Raif Badawi, il blogger che in Arabia Saudita è stato condannato a 1000 frustate e 10 anni di carcere.
Dopo la strage di Parigi, molti hanno invocato o preteso che il cosiddetto "islam moderato" si facesse avanti, battesse un colpo. Senza forse rendersi conto che, oltre un certo limite, anche quella legittima invocazione invocazione rischiava di diventare pretestuosa, forse anche ipocrita.
Perché di "islam moderati" ce ne sono almeno due. Il primo è quello della gente comune, dei musulmani che per questa o quella ragione vivono in mezzo a noi. Per quanto riguarda loro, l'islam moderato er presente e ben visibile già nella strage: dei 20 morti di Parigi, due (il poliziotto freddato in strada e il fattorino ucciso nei locali di Charlie Hebdo) erano musulmani. Integrati, pacifici, regolari. Più che moderati, quindi, come milioni di altri loro compagni di fede che incrociamo giorno per giorno. Tra l'altro: in Francia i musulmani sono l'8% della popolazione, mentre i musulmani uccisi dai terroristi di Parigi erano il 10% del totale delle vittime. Si può persino dire che l'islam moderato era sovrarappresentato nel computo dei morti.

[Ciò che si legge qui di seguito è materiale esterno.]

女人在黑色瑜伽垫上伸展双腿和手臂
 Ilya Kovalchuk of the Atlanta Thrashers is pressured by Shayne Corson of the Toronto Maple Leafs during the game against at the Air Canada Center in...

Il secondo islam moderato è quello dei Governi, delle nazioni, delle cancellerie e della diplomazia. E qui siamo sicuri che i nostri Governi, le nostre cancellerie davvero lavorino per aiutare e incrementare l'islam moderato? In teoria sì, nella pratica un po' meno.
Prendiamo il caso della Libia. Nel 2011, quando il Paese era in preda alla guerra civile, furono i nostri Paesi a decidere di intervenire, e la Francia di Sarkozy si mise in prima fila. Possiamo dire che oggi in Libia governi un islam più moderato del precedente? No pare proprio. Altrettanto si può dire della Siria: come lo fu a lungo Gheddafi, anche Assad è un dittatore crudele e senza scrupoli. Ma anche qui, visto che siamo intervenuti fornendo armi e quattrini e aiuti ai ribelli, possiamo oggi dire che stia per affermarsi un regime più tollerante del suo e, soprattutto, una visione dell'islam più moderata di quella che vigeva quando il regime era forte?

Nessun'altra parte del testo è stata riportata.